:: Records for this task ::

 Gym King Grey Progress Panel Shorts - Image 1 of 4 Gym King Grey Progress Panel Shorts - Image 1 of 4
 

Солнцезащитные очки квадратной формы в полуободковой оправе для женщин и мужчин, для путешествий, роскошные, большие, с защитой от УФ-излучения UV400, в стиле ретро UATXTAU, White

:::
:: Records for this task ::

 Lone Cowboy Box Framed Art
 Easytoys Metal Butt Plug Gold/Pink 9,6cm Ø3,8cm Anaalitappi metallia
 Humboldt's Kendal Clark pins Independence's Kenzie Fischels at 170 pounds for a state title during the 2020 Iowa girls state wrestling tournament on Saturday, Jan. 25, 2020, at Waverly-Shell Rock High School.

:::

**Activity**
Would you copy, unchanged, the stretch of the records above that begins at the line containing "Lone Cowboy Box Framed Art" and ends at the line containing "Humboldt's Kendal Clark", and only that?

**Solution for this task**
 Lone Cowboy Box Framed Art
 Easytoys Metal Butt Plug Gold/Pink 9,6cm Ø3,8cm Anaalitappi metallia
 Humboldt's Kendal Clark pins Independence's Kenzie Fischels at 170 pounds for a state title during the 2020 Iowa girls state wrestling tournament on Saturday, Jan. 25, 2020, at Waverly-Shell Rock High School.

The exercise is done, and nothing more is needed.